Anyway, I know this doesn’t completely explain how I became a Tibetan Buddhist monk, but if I told the whole story of how I met Kunga Norbu and became his disciple and went undercover into Tibet it would take me forever, and besides George was going cross-eyed as I told him all this about my past. He was done eating so he waved a hand and cut me off.
“Shambhala, Freds, Shambhala. You were telling me about Shambhala.”
“Yes I was.”
“You could take me there?”
“Sure. Do you want to go?”
“Do I want to visit Shambhala? Do I want to see Shangri-La? Damn, Freds—why didn’t you put it that way in the first place?”
“Because visiting it ain’t the point. Saving it is the point, and that’s got to happen here. Besides, you wouldn’t have believed me if I had just up and asked you out of the blue do you want to visit Shambhala.”
“I still don’t believe you, Freds. But it’s monsoon. There’s nothing else to do. And if you’re right, well.…” He grinned. “You take me there and show me, and then I’ll see about helping you out.”
* * *
So a couple days later we left the Hotel Star at dawn and woke up one of the taxi drivers whose car was his castle and had him drive us to the Central Bus Stop, and there we located our usual ticket agent who took us through the mud and dead buses to a decrepit old clunker that was packed full. Now in any other season we would have made a beeline for the roof and traveled in style up there, but because it was monsoon we had to jam our way inside. A Rawang man and his wife and daughters were in our seats, so we sat on the floor between the front seats and the partition separating the passengers from the driver’s compartment. About an hour later we began the typical Kathmandu departure. Get out of the depot and stop to scrape off the hitchhikers who had jumped on the roof during the run up the mud ramp. Stop for gas. Stop to search through the southern quarter of the city for an engine part. Stop to fix a flat. This time when the spare tire was on they found they couldn’t get the flat tire secured under the bus where the spare had come from. They spent an hour trying, and even the driver got down to look at it. He was a big guy with a thick black moustache, looked like an ex-Gurkha and nothing could faze him, he attended to his driving and usually let his flight crew handle all the other problems that every trip presented, so looking at this unattachable tire was a real concession. Finally he shrugged and pointed and the flight crew nodded and came on board and pushed all the aisle passengers back a bit, and maneuvered the flat tire in the door and up the steps and into the aisle, where it stood as tall as some passengers and much muddier.
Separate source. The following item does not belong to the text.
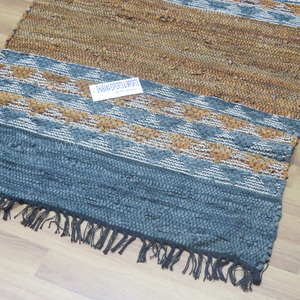 Tapis en cuir de vache véritable, moquette plate tissée - Product Image 3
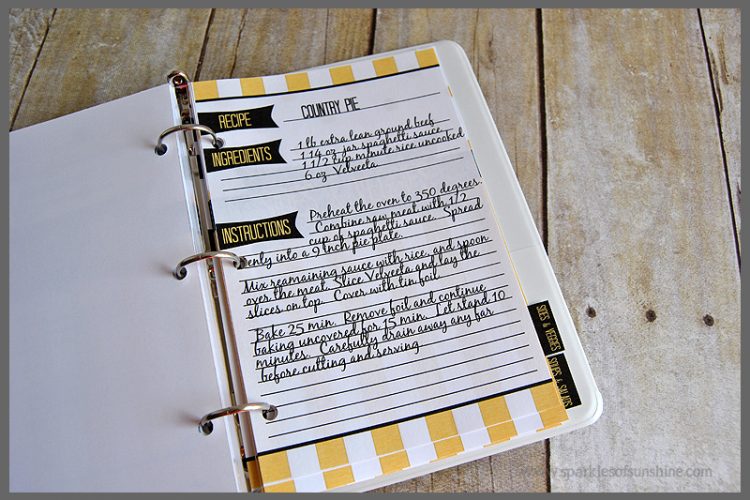 Free Recipe Printable - Sparkles of Sunshine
So we left Kathmandu at noon when we were supposed to be off at seven, which was not bad. Every bus ride in Nepal is an adventure and I enjoy them no end, but George doesn’t. On this one he had fallen into a trance to try to escape. Every time he came out of his trance he would look into the driver’s area and see the mechanic sticking his head down into the engine compartment with a lit cigarette between his teeth, making adjustments while the engine ran, and George would groan and fall back into his trance again. A wire crate of chickens was set just under the flat tire in the aisle, and every time the chickens looked up they figured they were about to be run over and would squawk madly, then overdose on panic and fall asleep, only to wake up and go through the trauma again. Right beside the chickens sat three Swiss trekkers breathing in the thick fog of cigarette and engine oil smoke like it was ambrosia, they were the kind of Swiss travelers you see in Asia who have been so stressed by the Formula 409 aspects of their culture that their compass has cracked and nothing suits these types better than to be stuck knee-deep in manure and mismanagement in some Asian backwater, whereupon a Ludwig van Ninth look of bliss comes over them as they realize they couldn’t get more miserably un-Swiss anywhere. So this bus trip was pleasing them no end.
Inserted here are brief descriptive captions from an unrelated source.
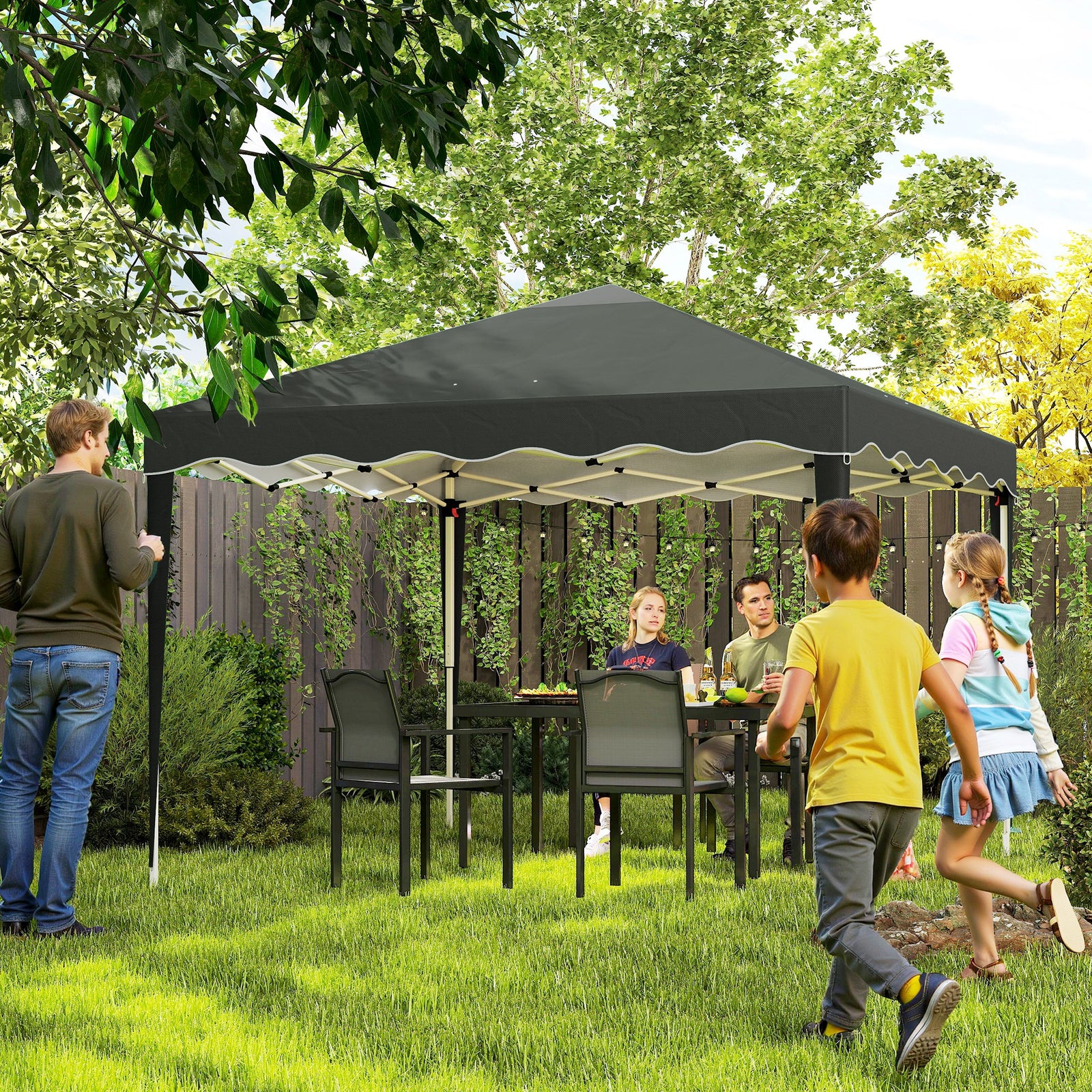 3 x 3cm Adjustable Height Pop-Up Gazebo, with Bag - Grey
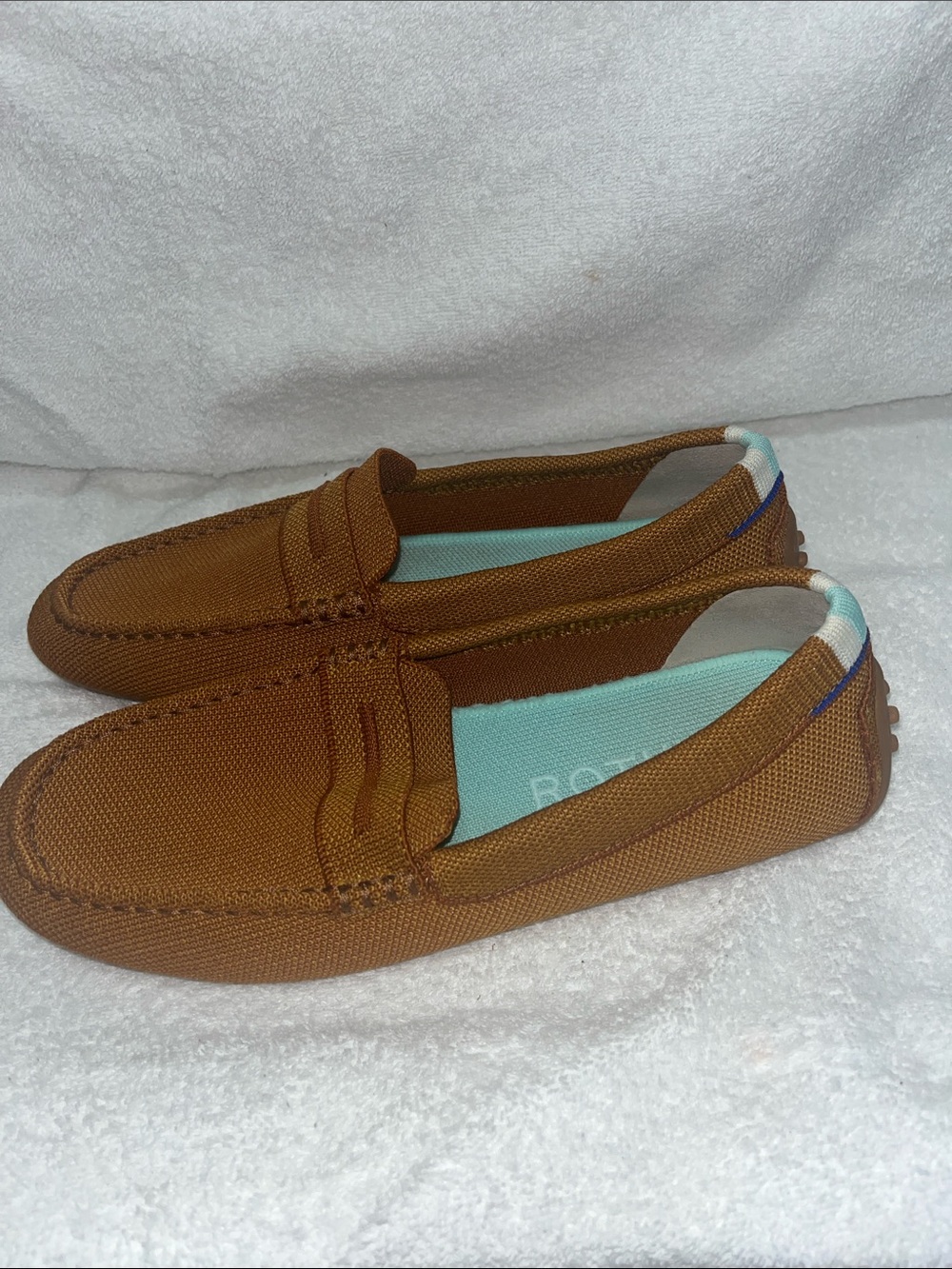 Rothy's Tan Knit Loafer with Teal Insole - Picture 5 of 8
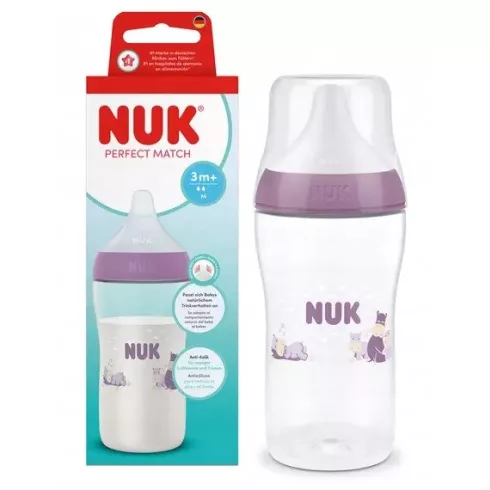 NUK Perfect Match Temperature Control cumisüveg 260 ml 3+hó - Víziló 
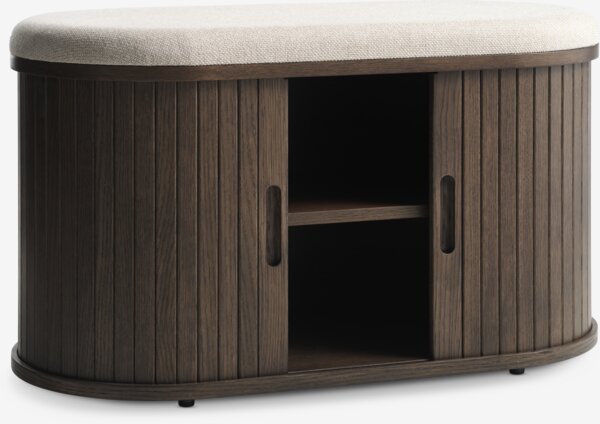 Bench LYNGVIG tambour doors beige/dark oak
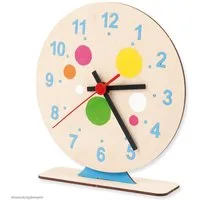 matches21 HOME & HOBBY Uhr Steckbausatz Bastelset Holz Kinder 6 J Holzbaukasten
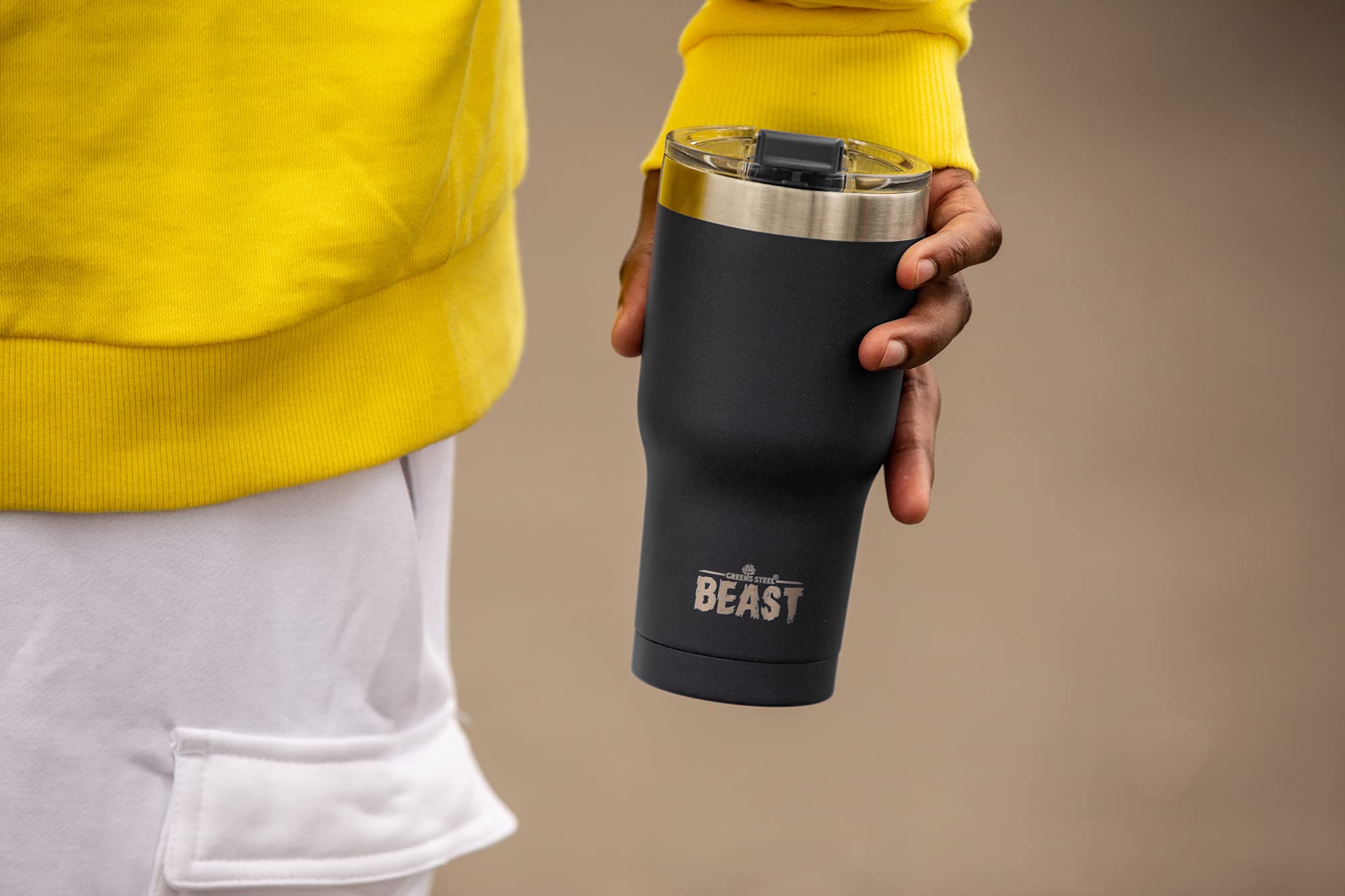 Greens Steel Beast 30oz tumbler powder-coated exterior resists scratches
Meanwhile we were trundling out of the Kathmandu Valley, either east or west I shouldn’t tell you which, and it had its usual dreamy look, monsoon clouds filtering the light so that the greens leaped out like Kodak ads, with villages in the distance little clumps of brown, surrounded by trees in pink or lavender bloom. Fields of early rice ran up into the clouds in hundreds of terraces, until it got hard to tell how far away a hillside was because you couldn’t believe anyone would terrace a slope so fine. The hilltops were cut off by a cloud ceiling that got lower and darker until finally the pleasures of the view were wiped out by torrents of rain, rain so dense it looked like God had scooped up the Indian Ocean and dumped it on us. Typical monsoon afternoon. I don’t think the driver could see past the windshield, but he just hunched forward a touch and carried on as usual.
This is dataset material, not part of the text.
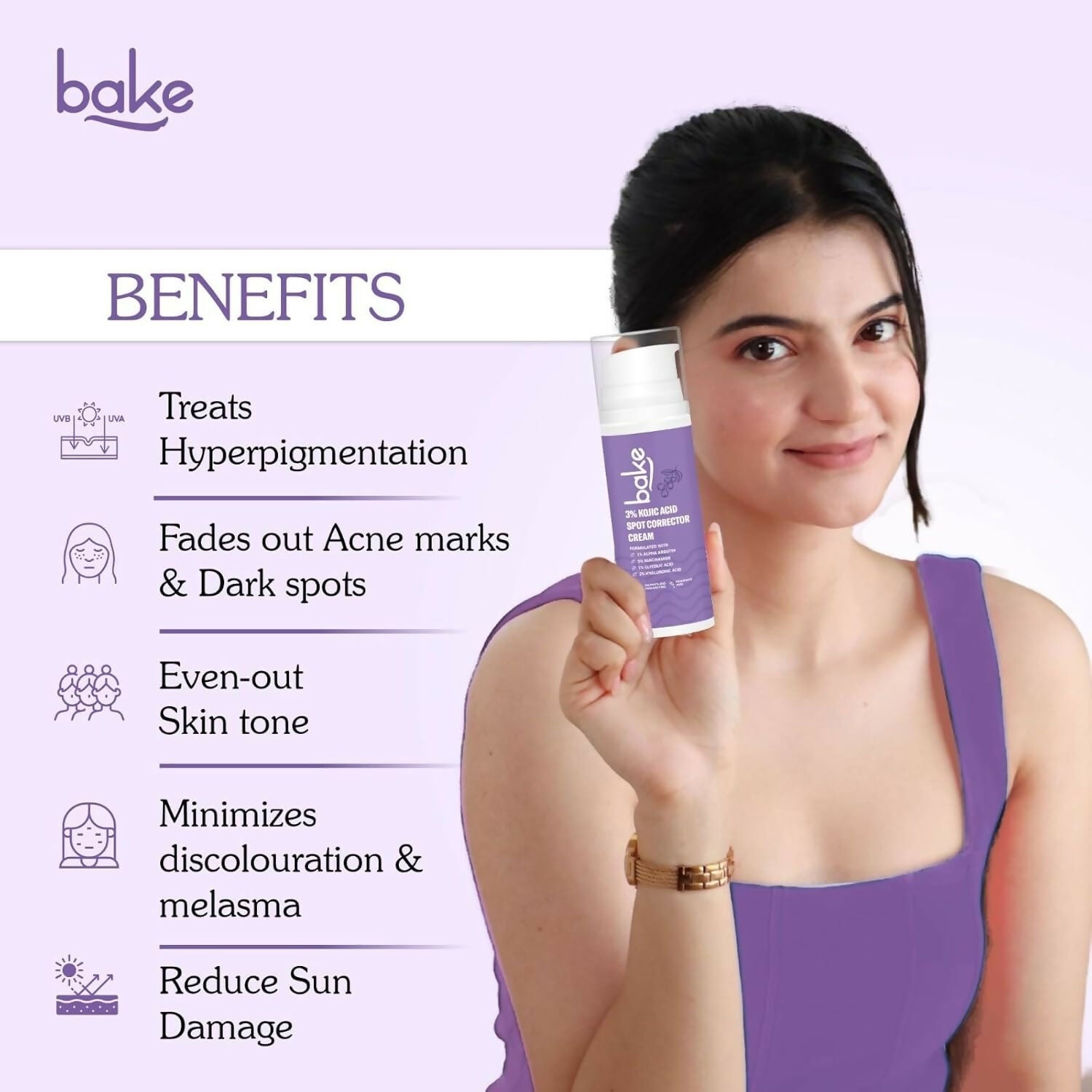 BAKE 3% Kojic Acid Spot Corrector Cream with Alpha Arbutin for Pigmentation | Grocsy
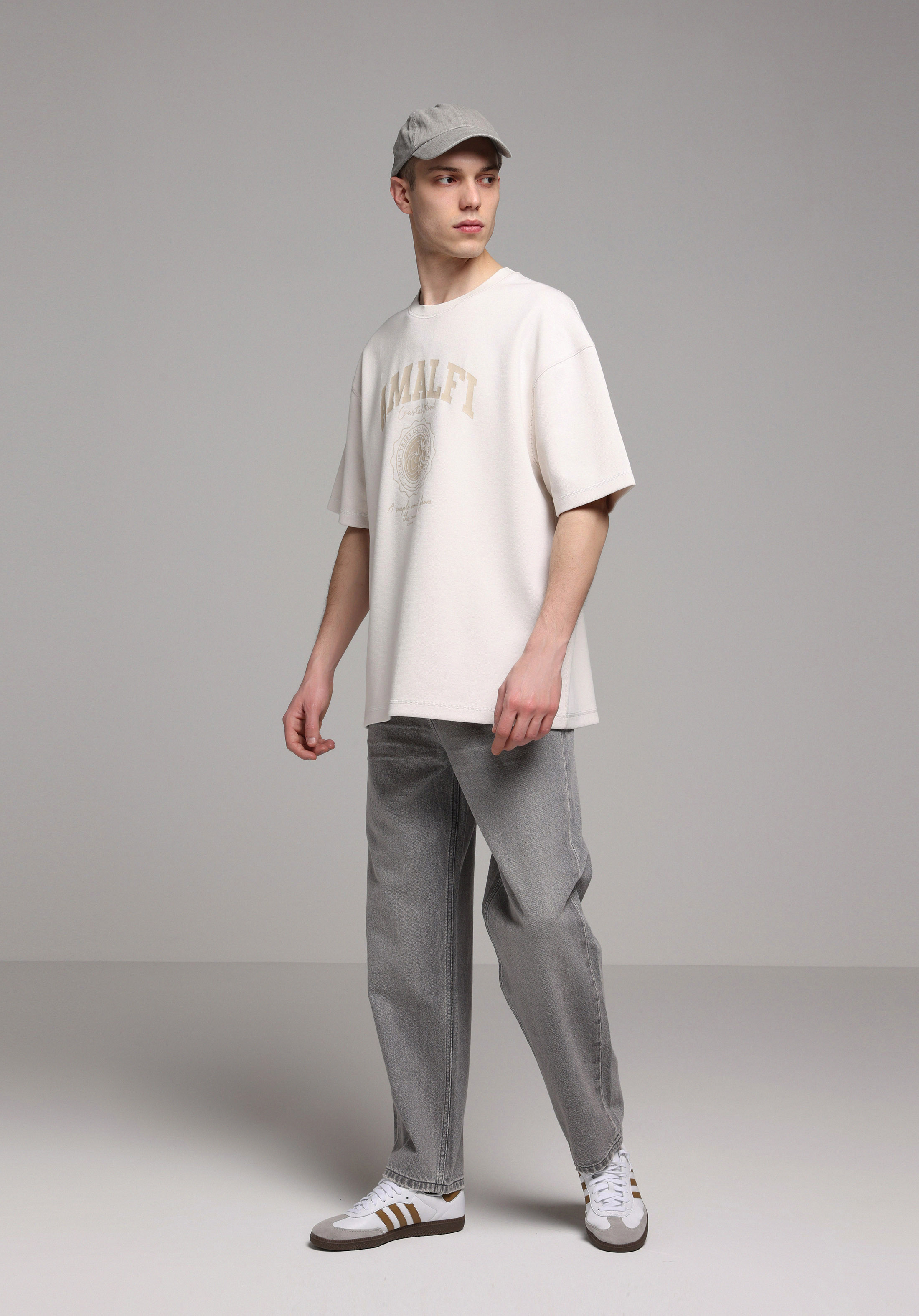 Baggy Fit   Erkek Grey Denim Jean Pantolon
After that there was nothing to do but meditate or watch the expertise of the driver, who was blindly navigating enormous mudholes and guiding the bus over landslides that had buried the road entirely. These were never cleared off but were driven over so often that a new track was established, weirdly lumpy and canted over. But our driver pushed through at a walking pace, timing every jolt and bounce to get him over bad spots, the engine clunking at about the same rpm as the wheels, and every time we lurched safely back onto the real road and splattered off at our maximum speed of around forty kilometers per hour.
* * *
Then just as our bladders were about to blow up and our brains to implode we stopped at a roadside village. The villagers crowded around to greet us and we burst through them like a gang of fullbacks, rushing in both directions down the road to the ends of the village to relieve ourselves. George and I and the Swiss were especially well attended by the village kids, and we peed into the bushes with a considerable audience giggling at us as we tried not to look at or step in the dismal and copious evidence of the intestinal problems of all the travelers who had been there before us. Naturally a road village has shitting grounds vastly larger than your typical hill village, and I knew by the expression on George’s face that I didn’t have to point this fact out to him.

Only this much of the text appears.